§ Assigned task:
Could you repeat, word for word, every line from the one containing "自然光实拍，18K金镶嵌冰糯" through the final line of the records below, and nothing else?

§ Supplied records:
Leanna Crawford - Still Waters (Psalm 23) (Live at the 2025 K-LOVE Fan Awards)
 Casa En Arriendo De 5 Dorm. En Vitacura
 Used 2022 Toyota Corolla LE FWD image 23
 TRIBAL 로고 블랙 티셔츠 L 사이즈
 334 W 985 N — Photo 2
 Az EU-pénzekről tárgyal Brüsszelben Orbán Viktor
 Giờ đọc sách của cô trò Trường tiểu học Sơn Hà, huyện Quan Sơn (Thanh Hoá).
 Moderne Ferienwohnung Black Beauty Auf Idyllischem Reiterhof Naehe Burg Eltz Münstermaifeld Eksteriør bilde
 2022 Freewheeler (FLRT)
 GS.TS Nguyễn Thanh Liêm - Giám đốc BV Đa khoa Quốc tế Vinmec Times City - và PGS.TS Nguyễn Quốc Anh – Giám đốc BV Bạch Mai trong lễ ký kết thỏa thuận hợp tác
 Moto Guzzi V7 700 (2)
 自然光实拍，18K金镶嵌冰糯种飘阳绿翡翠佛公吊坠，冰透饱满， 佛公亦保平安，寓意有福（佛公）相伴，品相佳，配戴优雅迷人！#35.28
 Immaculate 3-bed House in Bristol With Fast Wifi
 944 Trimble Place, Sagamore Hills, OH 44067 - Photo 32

§ Result below:
 自然光实拍，18K金镶嵌冰糯种飘阳绿翡翠佛公吊坠，冰透饱满， 佛公亦保平安，寓意有福（佛公）相伴，品相佳，配戴优雅迷人！#35.28
 Immaculate 3-bed House in Bristol With Fast Wifi
 944 Trimble Place, Sagamore Hills, OH 44067 - Photo 32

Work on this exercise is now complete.